# [What the task asks]
Give the line containing "FRENCH FIRST COMMUNION" again, exactly, along with all later lines of the entries, through the last one.

+ + + + + + +

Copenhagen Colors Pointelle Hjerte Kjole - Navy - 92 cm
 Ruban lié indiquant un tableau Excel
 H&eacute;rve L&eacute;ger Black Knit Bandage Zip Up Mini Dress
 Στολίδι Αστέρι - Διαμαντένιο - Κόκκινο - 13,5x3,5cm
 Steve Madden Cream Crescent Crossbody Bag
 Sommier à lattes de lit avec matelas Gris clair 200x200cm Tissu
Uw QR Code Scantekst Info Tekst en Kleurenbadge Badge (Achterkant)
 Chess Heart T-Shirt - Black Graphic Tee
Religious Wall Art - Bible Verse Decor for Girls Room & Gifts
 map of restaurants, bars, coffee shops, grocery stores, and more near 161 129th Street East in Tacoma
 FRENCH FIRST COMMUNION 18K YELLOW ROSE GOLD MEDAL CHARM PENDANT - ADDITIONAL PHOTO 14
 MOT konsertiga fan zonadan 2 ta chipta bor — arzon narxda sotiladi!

+ + + + + + +

# [Completed exercise]
 FRENCH FIRST COMMUNION 18K YELLOW ROSE GOLD MEDAL CHARM PENDANT - ADDITIONAL PHOTO 14
 MOT konsertiga fan zonadan 2 ta chipta bor — arzon narxda sotiladi!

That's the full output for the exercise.